Hazır alıcıya beklediğini sunarsan, fellik fellik iş aramana gerek kalmaz. Doğru kanala girersen, elindekini peynir-ekmek gibi satarsın. Ben İksir’e kaynak ararken bunu anladım.


Doktor Selim’le tanışana kadar, dediğim gibi, evde küçük bir atölyem vardı. Sekreter maaşıyla sınırlı sayıda İksir üretebiliyordum. Bir gün işten eve dönerken otobüste aklıma geldi. Ayakta duran iki adamdan leş gibi kokan, diğerine eğilip “Erkeğin kokusu, teridir” dedi. Öteki “Yine de bir parfüm kullanmak iyi olur abi” diye karşılık verince “Tamam” dedim.
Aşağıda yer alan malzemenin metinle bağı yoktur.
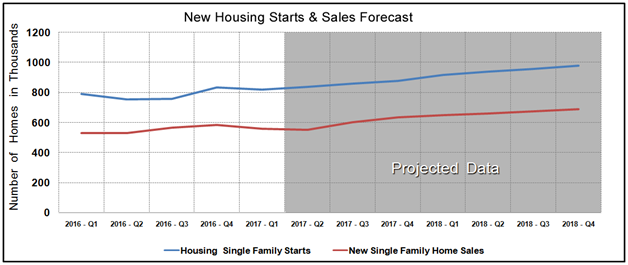 Housing Market Statistics - New Home Sales & Starts March 2017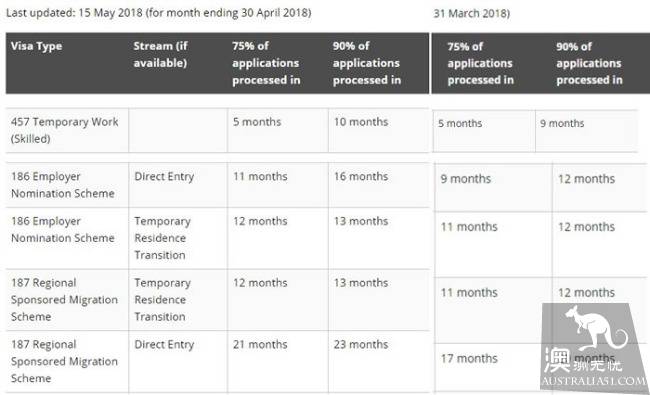In April, the visa processing time was updated, 189 / 190 ~ 485 was slightly speeded up, the speed of 186 / 187 was greatly reduced, and the students signed faster and slower.
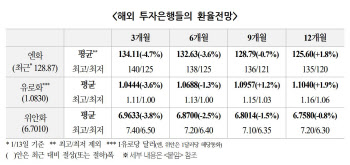 슈퍼달러 꺾였다…국민연금 환헤지 '신의 한 수'?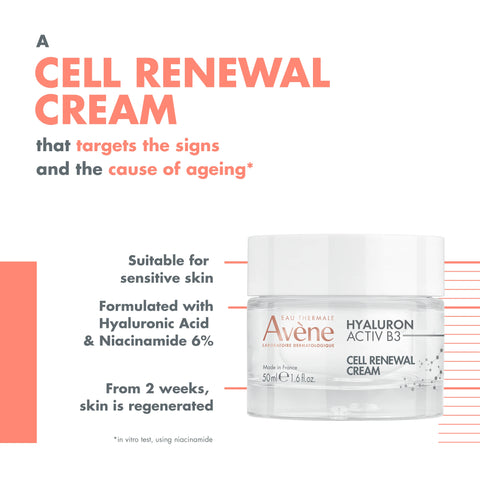 Hyaluron Activ B3 Renewal firming cream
Eve varır varmaz bilgisayarımı açıp internete girdim. O güne dek beş-on parfüm sattığım hesabıma yeni ürün ekledim: Afrodizyak erkek parfümü. Sizin de artık bugün bildiğiniz açıklamaları yazdım. İçindeki feromonlar sayesinde kadınları kendine çektiğini, kullanan erkeği dayanılmaz kıldığını, bu parfümü kullanan erkeğin bütün kadınları baştan çıkarabileceğini... Mütevazı bir fiyat belirledim. İlk sipariş, yarım saat sonra yemek yerken geldi. Gece yarısı olduğunda sipariş sayısı on ikiyi bulmuştu. Yatmadan önce ilâna “Son yedi ürün” ifadesini ekledim. Sabah uyandığımda yirmi üç kişi sırada bekliyordu. Mesaj kutuma “Ne olur, benim için bir tane ayırın” diye yalvaran cümleler düşmüştü. Henüz ortada olmayan parfümü, vaat ettikleri çoktan satmıştı. O halde sözüme sadık olmalı, müşterilerimin beklentilerini karşılamalıydım.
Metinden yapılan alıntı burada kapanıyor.